When I was a girl I used to love reading adventure stories - those fabulous tales of mystery, intrigue and high thrills penned by Enid Blyton, would often cheer up a boring rainy afternoon. I enjoyed these stories so much that my friends and I would go out and actively seek adventures, using the gift of imagination to supply the mysteries in our own back yard. We even started our own secret society, thinking that this would bring new adventures our way.
Of course when you are young, every day can be an adventure, but as we get older, the adventures seem to be few and far between. We become so focused on responsibility that we forget to make time for playfulness; we work our way through a to-do list, when we should be working our way through a bucket list.
In recent months I have been pondering on my current attitude towards adventures and I have come to the conclusion that I have been avoiding them, when once I used to seek them out. As we get older we become more risk averse so we need to really push ourselves beyond our comfort zone. Suffering from disappointments and trauma can also make people less inclined to put themselves out there, preferring to cocoon themselves away as a kind of self-preservation strategy. It works too, but a safe life is also a small life and before you know it you're feeling hemmed in and trapped, rather than cosy and cocooned.
That has certainly been the case with me in recent months and I am just beginning to chip away at the cocoon and think about stretching my wings once more. I think part of the problem is that my perception of an adventure is huge - I dream big - and then decline accordingly!

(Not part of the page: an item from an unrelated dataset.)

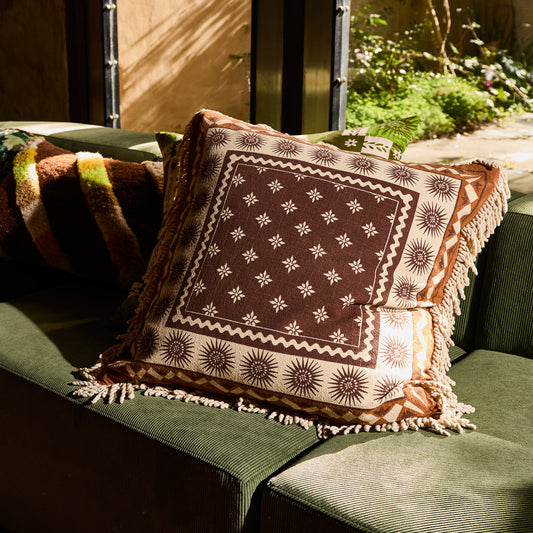 Sage X Clare - Odessa Reversible Cushion - Sable
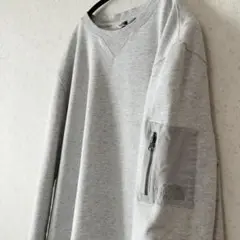 THE NORTH FACE グレー クルーネックスウェット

When I think of an Adventuress I call to mind images of the glamorous wing walkers, dancing on the wings of an aeroplane; or of the women who were spies during the war, such as Mata Hari who was killed by firing squad; or the Suffragettes marching shoulder to shoulder to change the world and being imprisoned and force fed. It's little surprise then, that I have been habitually turning away from adventures, when I hold such high expectations/risk assessments in my mind! I need to adjust my associations.
But what about the other, everyday adventures? To someone who has just been widowed, booking their first solo holiday is an adventure; to the veteran soldier living with a life changing injury a trip to a public gym is an adventure, not to mention an act of tremendous courage. To someone who has had an operation, removing the bandages and looking in the mirror is a brave thing to do. To the heartbroken, just smiling at a new possibility can seem like a high risk adventure, with no safety net. These smaller, everyday adventures are no less important or valid, for without them we are not living, merely existing.
I have also realised that I am missing part of the equation. My own spirit of adventure is triggered by my competitive side, which in turn is triggered by a male presence. Growing up with an older brother and no sisters meant that I constantly had to prove myself; that I could do what he did; that I could catch up and keep up; that I could pull a wheelie on my bike, climb a tree, a rope, a drainpipe (!); and that I could go one better and do things he couldn't do i.e ride and jump horses.
The things we are exposed to as children stay with us and inform who we are as adults, which means that I still respond to a male presence when it comes to being adventurous. In fact, I need it. Some of the best riding I've ever done was at Leeds Armouries when I had the chance to joust against their First Knight - of course I hit him - three times! He hit me too, but I kept my seat in the saddle, refusing to let him win and I loved every minute of it.
The competitive spirit was my driving force, because I was riding against a man and I had to prove myself. The same thing happened when I used to hack out in the woods with a man who was an equestrian trick rider and circus skills instructor - I rode beside him like I belonged there, un-phased by all his tricks, refusing to be impressed by him - except that I was, secretly quite impressed. It made me a braver, bolder rider - if a little reckless at times during our wild gallops through the mud!
Without this male presence to pull my Adventuress trigger, I am less inclined to push myself physically. Without a male playmate to compete against, I turn to my Jane Austen side, pick up a book or my tapestry, and settle in for some girl time. In short, I retreat into the safety of my shell and become the Indoor Girl. This is no bad thing, but too much of a good thing can get you into a bit of a rut.
Which basically means that I need to stop seeing men as the enemy or I'm never going to have any new adventures! I need to start seeing them as valuable playmates instead; pals who can push me to push myself, like my brother used to do. I need to start looking for male instructors to teach me the things I still want to learn ; sword fighting, motorbike riding, archery, rock climbing and more self-defence etc, so that I get the trigger I need from the professional presence of the instructor. That way I can enjoy all the thrills of being a bold Adventuress and return safe home to more ladylike pass-times once the lesson is over. Genius plan, if I do say so myself. What adventures are you planning this summer?